• [Record extracts]
-=-=-
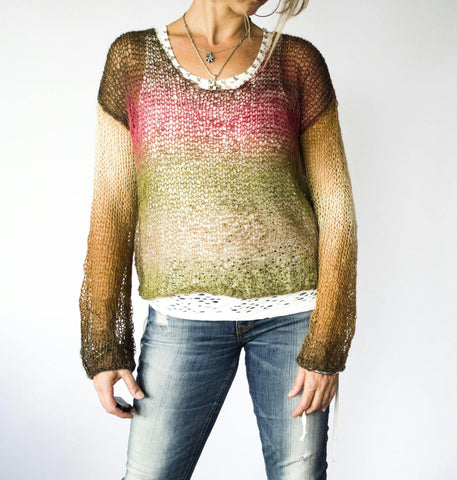 Handmade Boho Chic Loose Knit Silky Alpaca Sweater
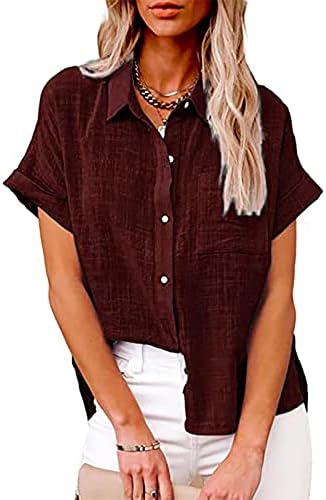 נשים פשתן כותנה למעלה 2023 שרוול קצר עמוק V כפתור צוואר גבוה למטה חולצת חולצה בסיסית לבנות סתיו סתיו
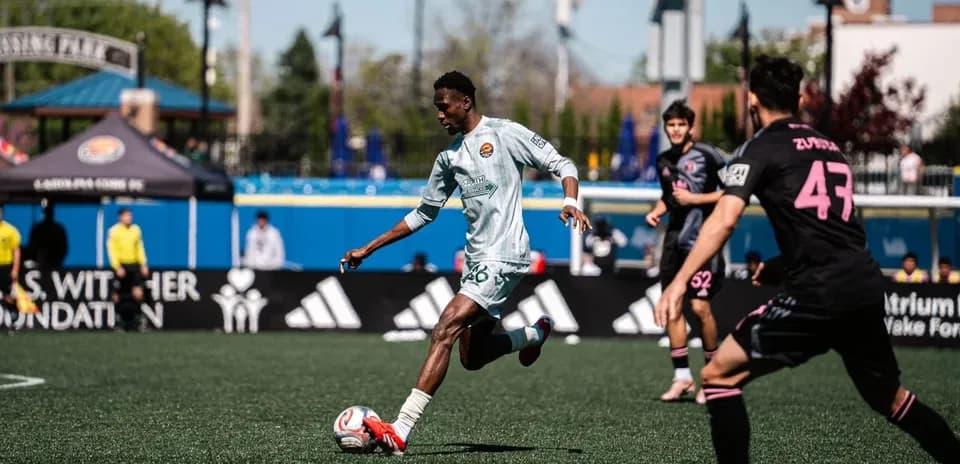 Player kicking ball during Inter Miami II match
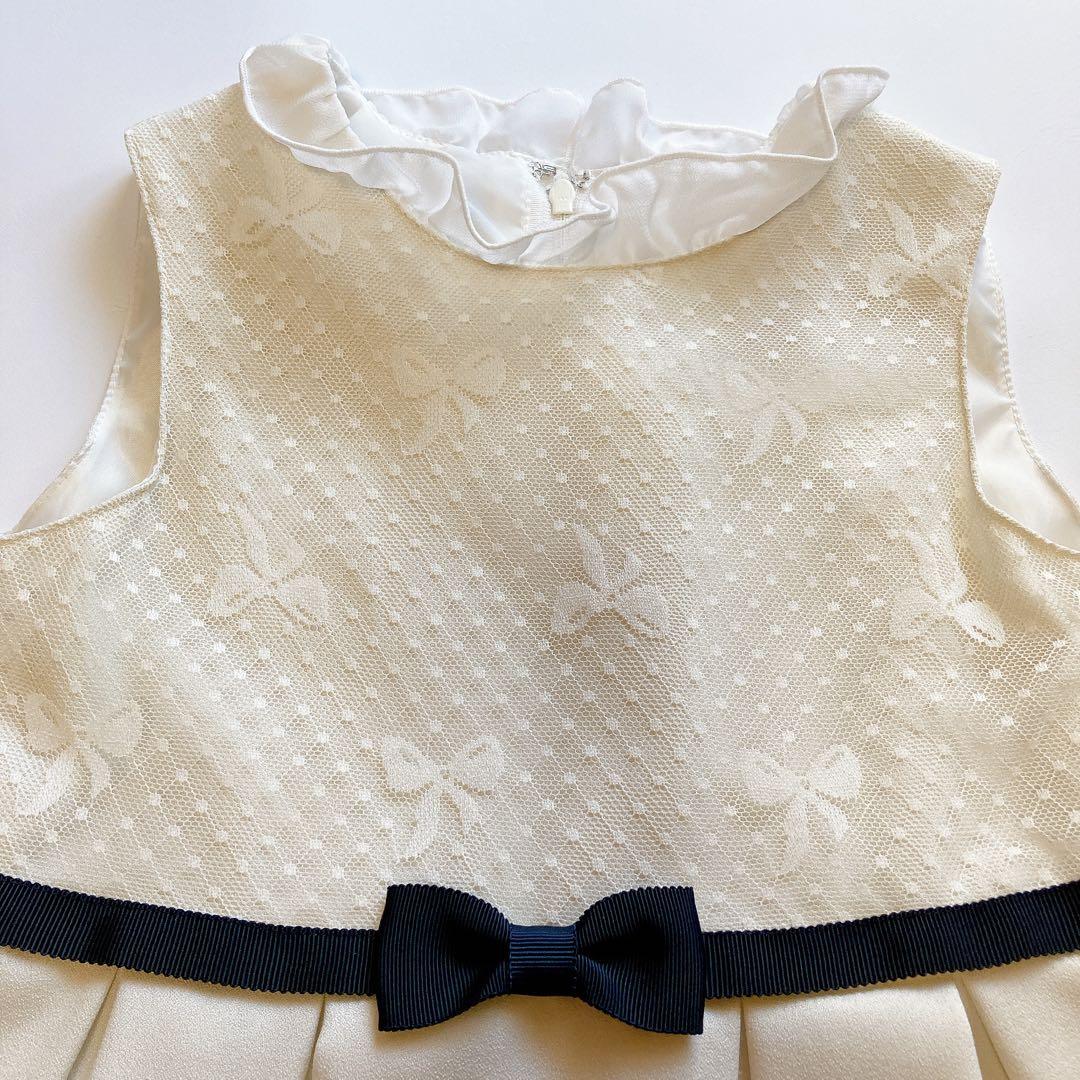 120size ホワイト×ネイビー 入学 卒園 発表会 フォーマル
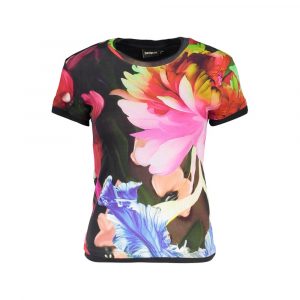 Desigual Schwarzes Baumwoll-T-Shirt für Damen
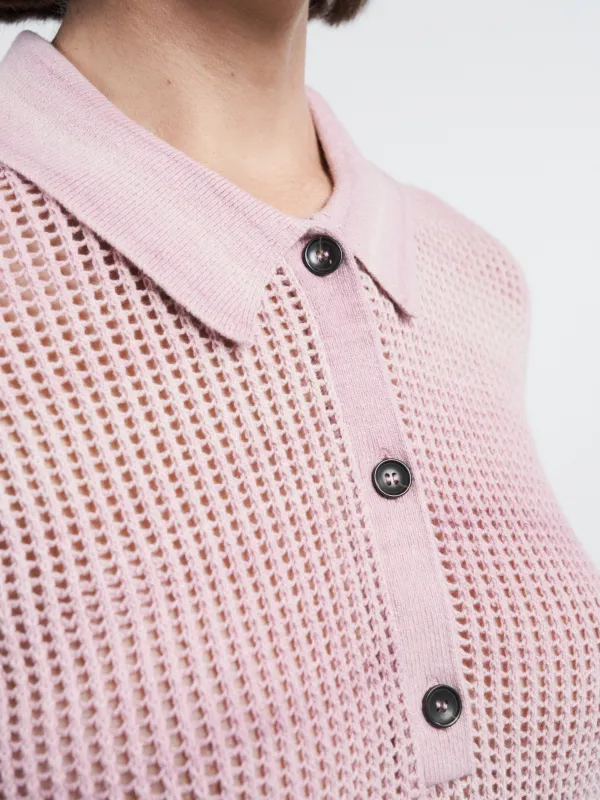 Mesh Shrunken Polo in Space Dye Pink sold by MARIA McMANUS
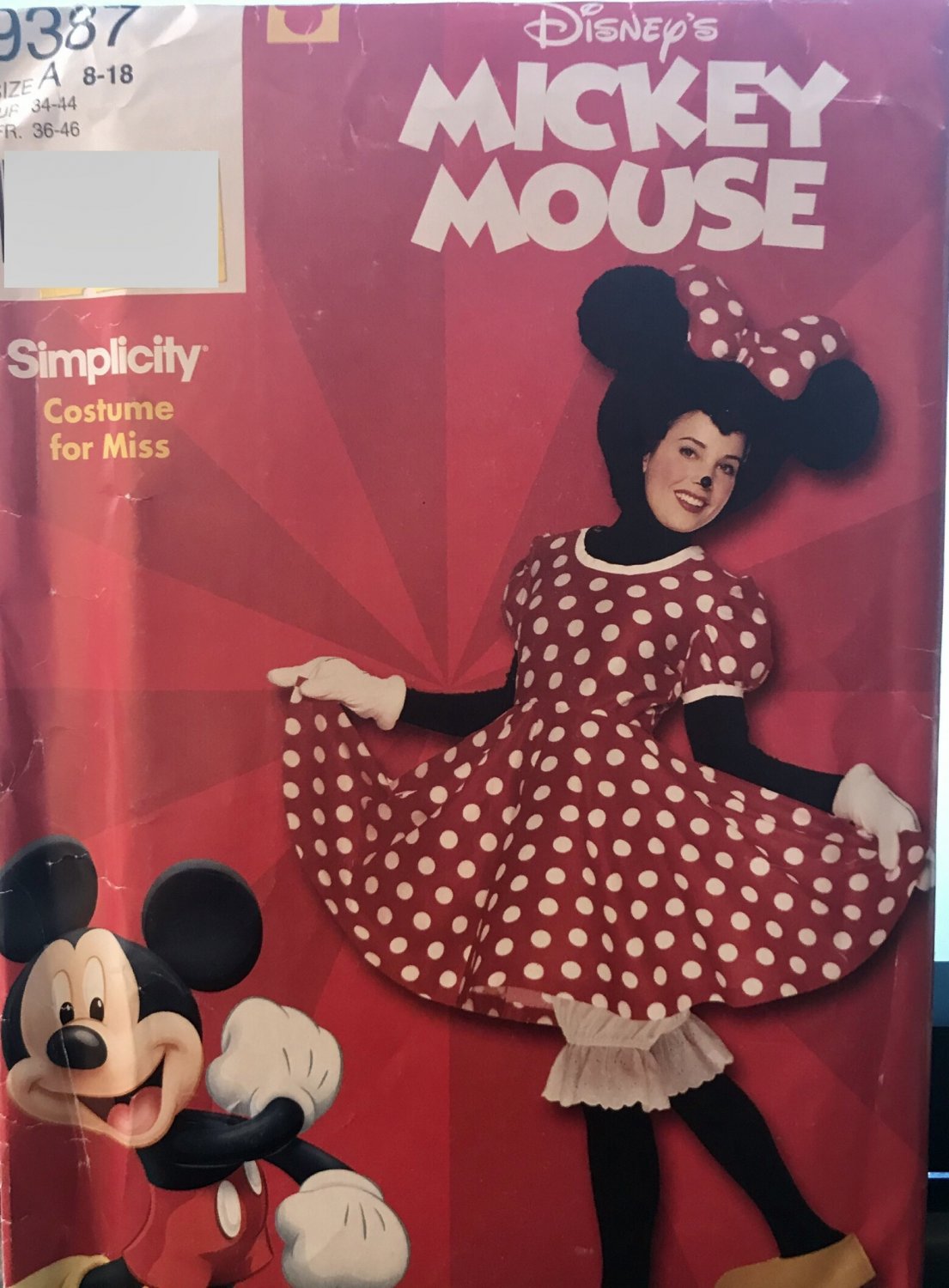 Misses' Minnie Mouse Costume Sewing Pattern Simplicity 9387 Size 8 - 18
-=-=-
• [Exercise requirements] The line that contains "120size ホワイト×ネイビー 入学 卒園 発表会 フォーマル" begins the range and the last line of the entries ends it; print that range exactly, without pictures.

• [Exercise answer]
 120size ホワイト×ネイビー 入学 卒園 発表会 フォーマル
 Desigual Schwarzes Baumwoll-T-Shirt für Damen
 Mesh Shrunken Polo in Space Dye Pink sold by MARIA McMANUS
 Misses' Minnie Mouse Costume Sewing Pattern Simplicity 9387 Size 8 - 18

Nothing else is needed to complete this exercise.